Kinsenda Mine
- Location: Haut-Katanga, DR Congo; 12°11′51″S 27°47′52″E﻿ / ﻿12.1975°S 27.797778°E;
- Production: Copper: 400 tonnes/month; Silver: 35,000 ounces/month; (2010)
- Opened: 2002
- Company: Metorex
- Website: www.metorexgroup.com/businesses/projects/kinsenda-project/

= Kinsenda mine =

Copper mine in the Democratic Republic of the Congo

The Kinsenda Mine (French: Mine de Kinsenda) is a copper mine that is being opened in Katanga Province, Democratic Republic of the Congo. It is located near the Zambian border town of Kasumbalesa. The mining company Metorex, based in Johannesburg, South Africa, is developing the property. Infrastructure design is based on mining of 40,000 tons of ore per month. There is a significant risk from groundwater inflow.
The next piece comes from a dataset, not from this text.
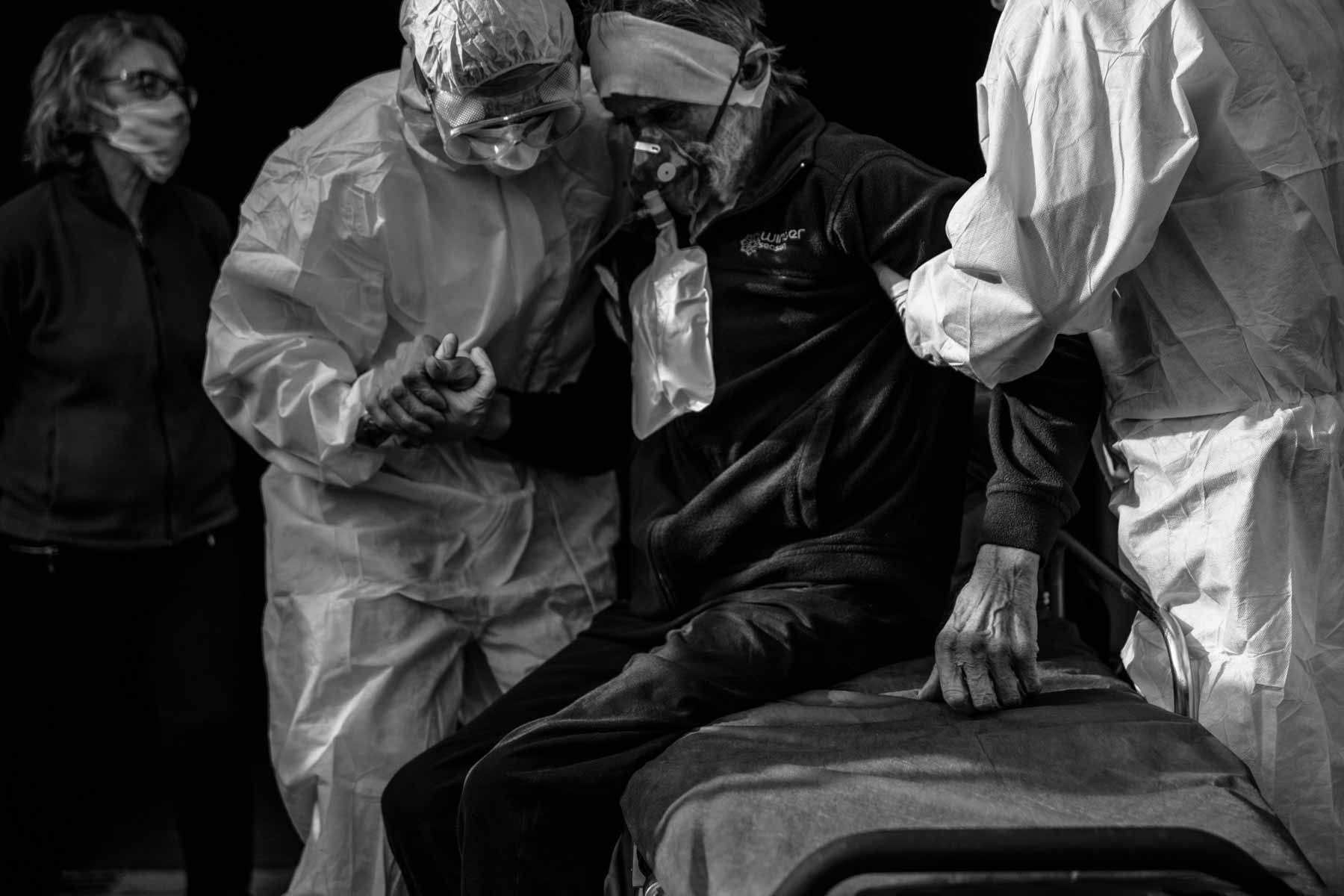 BC first responder helping a Covid Patient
Construction of the ore processing plant started in July 2006, with planned capacity to produce 54,000 tonnes per month of 45% copper concentrate. By June 2008 the mine had been dewatered and work had started on re-establishing the surface and mine infrastructure.

In 2011, Metorex was seeking approval to invest $150 million in opening the mine. After the investment, the mine was projected to produce 20,000 tons a year of copper.